Guy Ritchie has actually made a half decent film.
Yeah, I know. Even I can't believe it.
It's not a stone cold classic.
It's far from perfect.
However his latest work for Amazon Prime is several furlongs ahead of the usual Mockney guff that he trots out.
A war movie about deeds of derring do involving US troops in Afghanistan, 'Guy Ritchie's The Covenant' stars Jake Gyllenhaal as Special Operations Master Sergeant John Kinley whose interpreter is killed during a Taliban bomb attack on his platoon.
Set in 2018, Kinley hires Dar Salim's interpreter Ahmed Abdullah as his replacement.
It soon becomes clear that Ahmed has more than just decent language skills.
He quickly establishes himself as an invaluable member of the platoon which, in typical Ritchie fashion, is full of soldiers with nicknames like Sean Sagar's Charlie 'Jizzy' Crow, Jason Wong's Joshua 'JJ' Jung and Rhys Yates' Tom 'Tom Cat' Hancock.
Very much a team player, Ahmed shoots and stabs the enemy any time they threaten Kinley and his troops.
He tends to the wounded and is very good at interpreting non verbal signs that the platoon might be in danger.
Even with those particular set of skills, he's unable to prevent his comrades from getting involved in a really hairy situation with the Taliban which results in a bloodbath - wiping out the bulk of his brothers in arms.
Kinley and Ahmed are lucky enough, though, to escape but they have to undertake a perilous trek through enemy controlled territory.
The journey will test their resilience to the full and also their survival instincts.
It will also require immense courage and bond them together.
Co-written by Ritchie, Ivan Atkinson and Marn Davies, 'Guy Ritchie's The Covenant' is a modern day Audie Murphy style story.

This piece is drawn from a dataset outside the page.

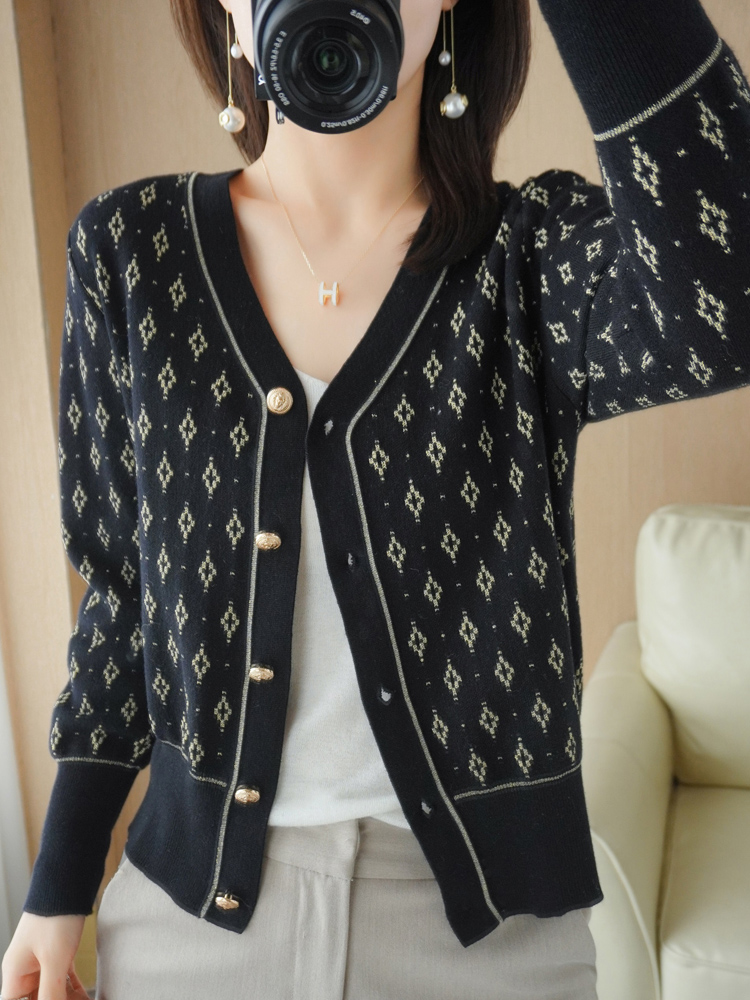 Spring And Summer New Ladies Round Neck Printed Knitted Cardigan High-end Fashion All-match Elegant Long-sleeved Sweater Top alx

It's not terribly sophisticated and it doesn't really stray that far into the territory of conflicted, disillusioned soldiers like the Vietnam movies of Michael Cimmino, Brian de Palma, Francis Coppola and Oliver Stone.
The film doesn't completely shy away, though, from the fallout over the US's involvement and eventual messy withdrawal from Afghanistan.

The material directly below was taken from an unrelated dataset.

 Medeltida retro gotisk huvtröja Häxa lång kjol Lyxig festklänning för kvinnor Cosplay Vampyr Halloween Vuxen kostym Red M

But it only scratches the surface of that theme.
As Kinley comes to appreciate the impact Ahmed has had on him, it feels like Ritchie is really having to stretch himself hard in those sections of the film that veer into the personal.
And while he certainly seems more at home when all guns are blazing, the fact that he is willing to stretch himself isn't a bad thing.
It's not quite as polished as you would like.
The tonal shifts of the movie are at times clunky and uneven.
However it's not far off from where Ritchie ought to be.
Action fans will certainly feel sated by the gun battles that rage throughout the film.
However the two leads also give 'Guy Ritchie's The Covenant' more heft.
Gyllenhaal has always been an intelligent actor and he delivers an absorbing performance as a soldier whose bond with his interpreter becomes so deep he feels he feels indebted.
Salim is in every aspect a solid match for him, playing an honourable family man who is prepared to take huge risks against fellow countrymen whose extremism he abhors.
The duo's performances eclipse everyone else in the cast, although Emily Beecham as Kinley's wife Caroline, Jonny Lee Miller as Colonel Vokes and Antony Starr as a private military contractor, Eddie Parker give decent accounts of themselves in thinly written roles.
'Guy Ritchie's The Covenant' mostly succeeds because it doesn't feel like your typical Ritchie film.
There's not the same kind of swagger and fake patter.
The direction is unfussy and unusually not overcooked.
It is certainly not as accomplished as 'Apocalypse Now,' 'The Deer Hunter,' 'Platoon,' 'The Hurt Locker' or 'American Sniper'.
But that's okay.
In case you're wondering, the reason why Ritchie's name is in the title is to avoid it being confused with the 2006 horror film 'The Covenant'.
But that's by the by.
This movie shows how Ritchie might prosper by avoiding all the fake Cockney geezer nonsense and jettisoning his fixation with becoming a pound shop Tarantino.
If he focuses on the basics and ditches the bravado, he might yet prove to be a sturdy action director like Tony Scott.
('Guy Ritchie's The Covenant' was released in US cinemas on April 21, 2023 and for streaming on Amazon Prime on June 2, 2023)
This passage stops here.